Schneeglöckchen heißt Galanthus: gala, griechisch, die Milch, deshalb auch Milchblume, anderswo, das ist mir neu, Hübsches Februar-Mädchen, Weiße Jungfrau oder Schnee-Durchstecher. Und was vom Frühjahr bis zum Herbst die ziemlich unangenehm riechende Wolke unter der Trauerbirke verursacht, ist die massenhafte Population der Birkenwanze, ich las es in einer Schrebergartenzeitung – Kleidoceris resedae. Obgleich Reseda ja duften soll. Nun werden zum Tag des Offenen Gartens im Mai Besucher kommen, die unterm Birkenbaldachin verweilen und dort Kaffee und Kuchen zu sich nehmen wollen. Grasmilben verbreiten sich ebenfalls, so die grüne Presse. Also sind außer den allbekannten Zecken nun auch Milben zu erwarten, die parasitisch leben und von im Grünen sitzenden Warmblütern Lymphe und Zellsäfte saugen. Eine Hirsesorte, lese ich weiter, ist der freche Eindringling in lückigen Rasenflächen, der sich rasend schnell verbreitet, weil er massenhaft kleine braune Samen produziert und so niedrig ist, dass er beim Mähen keinen Schaden nimmt. Der »Totalunkrautvernichter« Roundup in der Flasche mit dem »Anti-Gluck-Auslauf« sei nicht zu empfehlen, weil er alles Übrige ebenfalls beseitige. Auch für die anderen Plagen gebe es kaum wirksame Mittel. Also werden wir’s im Sommer ertragen müssen. Immerhin habe ich wieder ein paar neue Wörter aus meiner Zeitungslektüre. Hier noch eins: Nicht nur Unkraut gibt es, es gibt auch Ungras.

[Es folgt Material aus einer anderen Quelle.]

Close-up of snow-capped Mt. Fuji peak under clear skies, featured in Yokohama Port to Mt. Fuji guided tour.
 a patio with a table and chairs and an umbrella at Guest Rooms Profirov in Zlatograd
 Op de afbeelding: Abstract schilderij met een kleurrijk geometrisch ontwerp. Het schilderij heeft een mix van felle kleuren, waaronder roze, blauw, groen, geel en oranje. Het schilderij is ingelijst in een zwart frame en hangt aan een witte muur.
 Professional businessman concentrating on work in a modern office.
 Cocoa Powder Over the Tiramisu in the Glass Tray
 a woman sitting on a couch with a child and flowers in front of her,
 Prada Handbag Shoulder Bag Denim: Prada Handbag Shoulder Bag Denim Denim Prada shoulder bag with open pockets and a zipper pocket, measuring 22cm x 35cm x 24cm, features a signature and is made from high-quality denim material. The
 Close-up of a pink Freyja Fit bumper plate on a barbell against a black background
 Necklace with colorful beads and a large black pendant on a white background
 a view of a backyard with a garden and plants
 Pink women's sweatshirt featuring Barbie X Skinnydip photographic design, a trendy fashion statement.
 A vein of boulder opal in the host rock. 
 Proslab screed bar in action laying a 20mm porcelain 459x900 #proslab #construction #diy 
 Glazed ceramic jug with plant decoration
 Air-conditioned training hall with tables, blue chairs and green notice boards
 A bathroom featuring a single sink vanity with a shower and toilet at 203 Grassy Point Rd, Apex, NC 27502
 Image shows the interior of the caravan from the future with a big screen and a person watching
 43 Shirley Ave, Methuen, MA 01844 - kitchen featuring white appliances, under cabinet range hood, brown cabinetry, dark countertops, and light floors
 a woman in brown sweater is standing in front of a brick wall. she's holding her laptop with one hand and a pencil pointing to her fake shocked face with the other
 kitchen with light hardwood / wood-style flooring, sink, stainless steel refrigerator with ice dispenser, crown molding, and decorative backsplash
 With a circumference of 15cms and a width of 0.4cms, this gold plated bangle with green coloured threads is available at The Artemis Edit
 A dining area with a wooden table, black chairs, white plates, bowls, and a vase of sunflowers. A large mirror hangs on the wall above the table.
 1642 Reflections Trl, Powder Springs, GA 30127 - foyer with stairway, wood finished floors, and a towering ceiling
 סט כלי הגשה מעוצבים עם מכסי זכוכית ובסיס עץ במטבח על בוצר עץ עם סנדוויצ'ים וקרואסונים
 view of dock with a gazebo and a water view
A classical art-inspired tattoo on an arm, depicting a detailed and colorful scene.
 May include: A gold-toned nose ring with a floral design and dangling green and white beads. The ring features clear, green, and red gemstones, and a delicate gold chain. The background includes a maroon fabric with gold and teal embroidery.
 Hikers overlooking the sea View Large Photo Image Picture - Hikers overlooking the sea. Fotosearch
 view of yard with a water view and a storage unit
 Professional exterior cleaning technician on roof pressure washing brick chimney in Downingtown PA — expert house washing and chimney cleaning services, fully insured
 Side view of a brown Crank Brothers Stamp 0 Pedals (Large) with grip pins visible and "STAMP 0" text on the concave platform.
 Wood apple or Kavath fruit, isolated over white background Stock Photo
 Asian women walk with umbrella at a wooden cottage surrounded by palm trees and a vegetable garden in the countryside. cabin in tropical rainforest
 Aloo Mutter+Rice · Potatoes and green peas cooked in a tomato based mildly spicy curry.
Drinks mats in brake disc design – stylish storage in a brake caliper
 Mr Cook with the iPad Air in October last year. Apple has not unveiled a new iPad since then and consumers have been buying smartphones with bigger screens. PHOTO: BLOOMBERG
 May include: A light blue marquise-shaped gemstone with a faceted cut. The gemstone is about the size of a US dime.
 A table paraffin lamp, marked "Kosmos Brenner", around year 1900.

Zum altmodischen Resedagrün gesellt sich das Wort Bleu mourant und will mir nicht mehr aus dem Sinn. Was ist bleu mourant in meinem grünen Garten? Verblühende Vergissmeinnicht, der Sommerhimmel, die vergehende Hortensie im Herbst. Viel Zeit bis dahin.

Jetzt noch ein Wort aus der Tageszeitung. Bascha Mika, die streitbare frühere taz-Chefin hat es geprägt: Vermausung. Frauen, die aus welchen Gründen auch immer, nicht Karriere machen, Frauen, die Kinderwagen schieben und den Kleinen die Grasmilben und die Zecken absammeln, Frauen, die Spaß haben auf dem Boden zu knien (!), zu Kreuze zu kriechen gewissermaßen, und da unten herumzuwerkeln – Vermausung. Also auch ich … Schwarze Fingernägel und so weiter.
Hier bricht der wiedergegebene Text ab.